What’s the most notable difference between TTRPG education and traditional education?
That’s a great question. To me, the heart of TTRPGs is that it is a co-created story.
When I have only ten seconds to explain a tabletop role-playing game, I usually say, “It’s a co-created story – with funny shaped dice”. But anyway, the phrase “co-created story” is pretty potent, right? In a traditional classroom, it’s about a teacher standing and delivering – standing over the desks or tables, talking to students and not with them, telling content. And if you’re lucky, the students will memorize the content long enough to do okay on a multiple choice test.
But in TTRPG-infused education, it’s a room full of learners – and the teacher might be the facilitator or gamemaster, sure, but it’s a co-created learning environment. Teachers don’t have to be standing over the table, they can be at the table.
Students role-play, practice durable skills and discover empathy. Content is not taught, it’s experienced. And because it’s a co-created story, students have real agency. By playing a role-playing game, they are deeply immersed and engaged.
Content is not abstract, it’s concrete. The learning is authentic. It’s creative. It’s vibrant.
You can’t fake articulating as a character – you are articulating.
You can’t fake collaborating as a team trying to cooperatively achieve a goal – if you don’t genuinely collaborate, you fail.
TTRPGs can offer the opportunity for the ultimate performance assessment.
Do you have a final shout out, piece of advice, or statement before we sign off?
I definitely have a few! First, if you’re an educator new to tabletop roleplaying games, find a beginner’s opportunity to play a TTRPG. Find a local game shop and check out their event schedule – many offer free or super cheap ways to play a one-shot to see what you think. D&D is certainly the most popular, but don’t be afraid to try out other TTRPGs too. It’s helpful to see different game mechanics in action – many are simpler than D&D, although some are more complex. By joining a game, you might make new friends! And the people who run the game shop can be a great resource too. If they know you’re trying to bring TTRPGs into classrooms for students, I guarantee they will be eager to help.
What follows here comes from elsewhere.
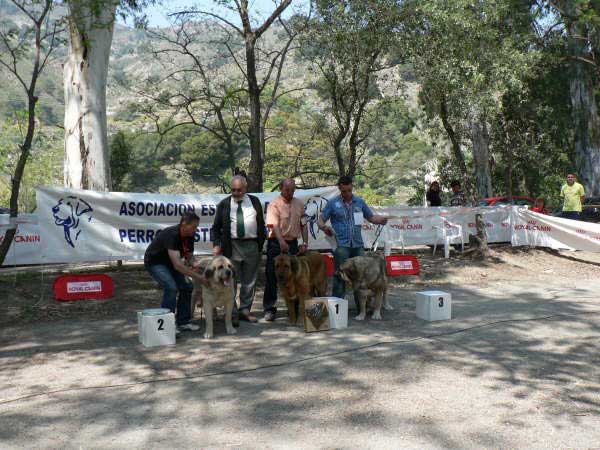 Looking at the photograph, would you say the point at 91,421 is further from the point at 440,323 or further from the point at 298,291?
the point at 440,323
Second, don’t be afraid and start small. There are ways you can dip your toe into a TTRPG-infused classroom, perhaps short of actually playing a game, like the character sheet activity I described before. Or have students play a one-shot for a day or two in a low stakes environment, reflect, try it again with more complex content or more rigorous expectations. Third, I hope that kyedrpg.com and my book can help chart a course for you, or inspire you to try a tabletop roleplaying game in your instruction. Kids nowadays are really desperate for more joy, for something different in the classroom. Be their hero. Be an innovator and inspire the next colleague who’s unsure how to transform their teaching.
Thank you Adam for taking time to share your XP! You’ve had some EXCELLENT examples, and I very much appreciate the work you’ve been doing to investigate and further TTRPG use in the classroom AND for building a community around this teaching method in KY!